The thick nest of terraces were formed like a maze. Darkness helped them move through it, sucking them into the core of green at the centre of confused streets and pathways. Few of the streetlamps were functional. Around half of those that did work spat and fizzled chancy orange light, a poor man’s disco. It did strange things to colour, this sodium pulse. It turned the skin into a dappled, beaten armoury of greys. Twenty minutes of rat-runs saw them hunkering down behind a squad of wheelie bins by a creosoted fence. The house at their rear was still awake. The sounds of laughter and glasses chinking. A smell of curried food. Beyond that, the night was silent but pregnant with something that felt like anticipation. It prickled the skin.
“How long do you think we’ve been waiting?” Emma asked after another twenty minutes had expired. “I’m cold.”
“Oh, not long enough,” he replied, drawing her under his arm.
“How long before we can go? How much longer do we have to wait?”
“Bit longer,” he said, and turned to smile at her. “Helpful, aren’t I?”
“Marshall’s dead, isn’t he? We couldn’t have saved him?”
“I don’t think so. He had lost a lot of blood. He was coming to warn us, remember that. He wasn’t coming to us for help. He saved our lives.”
“What do we do now?”
Sean squeezed her arm. He felt better. The wounds were knitting together quickly now. He could feel the fizz of repair coursing through his body.
He remembered something from his childhood. His mother leaning over him with a wad of cotton wool dipped in TCP.

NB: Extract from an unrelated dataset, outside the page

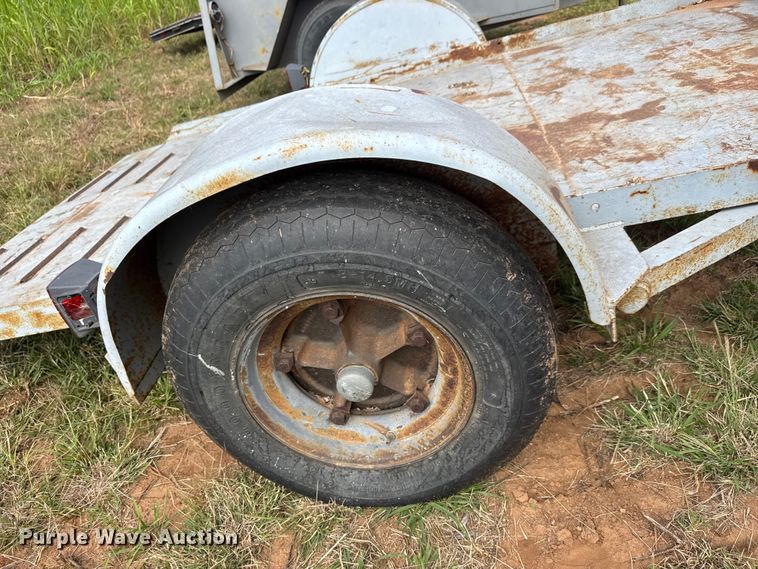 image for item EM8360 Shop built tilt deck utility trailer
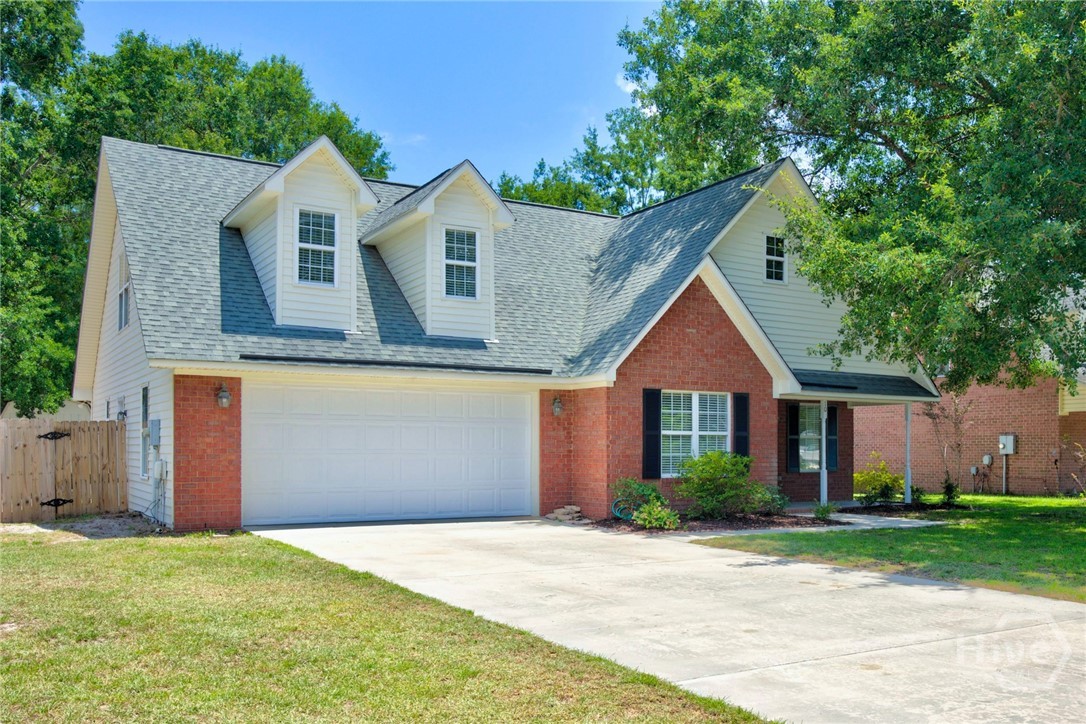 Adorable Low Country home just minutes from everything Rincon has to offer! This charming home features 3 bedrooms on the main level plus a spacious upstairs bonus room that could easily serve as a 4th bedroom, home office, playroom, or flex space. The living room offers soaring vaulted ceilings and great natural light, creating a warm and inviting space to relax or entertain. Located on a quiet street with no HOA, this home provides the freedom and convenience today’s buyers are looking for. Step outside to a private backyard with plenty of room to play, garden, or unwind. The large storage shed includes electricity, making it ideal for hobbies, tools, or extra storage. Priced to sell and full of potential, this Low Country gem is one you do not want to miss!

“Where does it hurt, love?” she had asked him. “Show Mummy.” And he remembered laughing and trying to pull the cotton wool out of her hand. What had he done? Tripped on the road and grazed his knee? But in the time she had pulled his trousers down to sterilise his cuts, the wound had healed. A quick healer, they had said about him. It’s because he’s got good blood. He’s a strong lad, that one. On the football pitch, hoofed into the air by reckless defenders, he had picked himself up and plodded on. Tin legs, they had nicknamed him. Sean had believed it all. If you weren’t used to injuring yourself every time you fell over, you didn’t question your lack of bumps, bruises, breaks.